12 MOOC perspectives you may not have heard of
11 mins[Editor’s Note: There are some who consider educational institutions to be the best examples of social enterprises. I’m not one of them. The reason why I periodically share education perspectives on this blog is because I’m convinced that higher education (and high school education) is being disrupted right now. Whether it’s Khan Academy for middle and high school students or peer instruction at Harvard University or the $6,600 Masters CS degree from Georgia Tech/Udacity or Minerva Project‘s brash claim to displace Harvard as the #1 global brand, it’s ALL happening. Countries with abysmally low teaching standards and a voracious appetite for quality education (India is at least ONE of them) stand to gain the most from this education revolution.]
A history professor from Colorado State University (Jonathan Rees) wrote a hysterical anti-MOOC rant in Slate 6 weeks ago. This Clay Shirky tweet caught my attention “Professors: Read comments on this anti-MOOC piece. As with travel agents & book stores, no one is coming to save us.
Rees’s article The MOOC racket is an easy enough read. There’s probably one point some might sympathize with – widespread “online-only” higher education will be disastrous for students. But the most interesting perspectives came from the commenters. I pored through the comments (and there are a LOT) and mined 12 super-interesting perspectives.
#1 The end of ‘elite colleges’/elite professors
I have my misgivings about MOOCs, but they certainly have one very appealing feature — over time, the available lectures will be of the highest quality. As with many other things, the quality of lecturers is variable, with most being passably OK, some being good, and too many being horrendous. At a brick-and-mortar university, there’s often not much that a student can do to avoid the bad ones, or even the mediocre ones. But with a free market for MOOCs, students (consumers) will be able to gravitate to the superior teachers, and spurn the inferior lecturers. This might not happen right away, but fairly soon we will end up with a set of class materials on elementary topics such as physics or statistics that will be far superior to what most college students currently experience in their education.
#2 Continuing Education that is FREE
(Commenter Rip Stauffer on his Santa Fe Institute experience)
I can understand that the author feels threatened. I would not want our entire educational system replaced by MOOCs. However, I just recently completed a MOOC on a subject that really interested me. I had read books on chaos and complexity theory years ago, and they introduced me to the Santa Fe Institute. When I saw on an online forum that the Santa Fe Institute was offering a 12-week MOOC on complex adaptive systems, I jumped at the chance to learn from the institute doing most of the research in these topics.
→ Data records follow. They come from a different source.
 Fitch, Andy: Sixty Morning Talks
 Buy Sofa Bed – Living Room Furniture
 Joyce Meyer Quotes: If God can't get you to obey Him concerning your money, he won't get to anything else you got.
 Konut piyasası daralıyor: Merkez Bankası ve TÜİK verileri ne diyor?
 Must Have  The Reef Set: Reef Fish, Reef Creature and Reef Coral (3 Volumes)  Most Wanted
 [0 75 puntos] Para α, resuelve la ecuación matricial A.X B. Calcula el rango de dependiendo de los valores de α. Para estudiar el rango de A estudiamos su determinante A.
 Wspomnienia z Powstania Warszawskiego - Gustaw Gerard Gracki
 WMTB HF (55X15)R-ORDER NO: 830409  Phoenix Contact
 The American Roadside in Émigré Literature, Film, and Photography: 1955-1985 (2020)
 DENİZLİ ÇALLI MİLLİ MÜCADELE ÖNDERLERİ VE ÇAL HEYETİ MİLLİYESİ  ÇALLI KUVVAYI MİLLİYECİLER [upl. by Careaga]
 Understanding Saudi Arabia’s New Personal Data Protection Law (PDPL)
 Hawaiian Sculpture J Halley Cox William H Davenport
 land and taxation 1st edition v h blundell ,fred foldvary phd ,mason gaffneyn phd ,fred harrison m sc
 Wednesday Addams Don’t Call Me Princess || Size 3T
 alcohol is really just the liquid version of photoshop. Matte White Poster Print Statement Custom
The class was great! The video lectures were interesting and well-paced (if a little pixellated). We all downloaded a simulation application (NetLogo), and we were able to play with most of the concepts taught in class by running simulations. There were numerous papers and other resources for download, links to interactive websites that took you to a much deeper level on topics that interested you, and an asynchronous forum where we could interact with the lecturers. In each week, there was an interview with one of the top scientists involved with that week’s topics.
Do I wish I could have been at the institute, actually learning in the classrooms and labs with these professors? You bet I do! I’m not likely to have that chance any time soon, though, so I’m pretty happy to have had the chance to take the MOOC. To top it all off, I had that very rich learning experience and it cost me nothing. Nothing. Not a dime. I will no doubt buy some books from the institute, but that’s my option.
In their current state, I don’t see them as replacements for brick and mortar universities, but they could certainly play a role, supplementing classroom instruction; additionally, for the masses of working people who’d like to keep their hand in and continue learning, these self-paced and very interesting courses are a wonderful innovation.
#3 The 3 ways of teaching
(Commenter Mike T)
There are 3 basic ways of teaching someone – Tell Me, Show Me and Let Me Do It. Traditional lectures, Khan Academy videos and most MOOCs are still stuck in the first, least efficient mode of education. Look at SimCity as an example of an interactive game that taught economics and civics to 7 year olds, and start thinking of how that principle could be applied to all learning. Video games already provide simulations that teach skills, allow you practice those skills, and measure your success. Sure, the skills involve killing other people without being killed yourself. But the basic principle of teaching you something by making you try doing it, and then giving you instant feedback on your skill level can be applied to any learning. And many video games have forums where people are very keen to advise learners.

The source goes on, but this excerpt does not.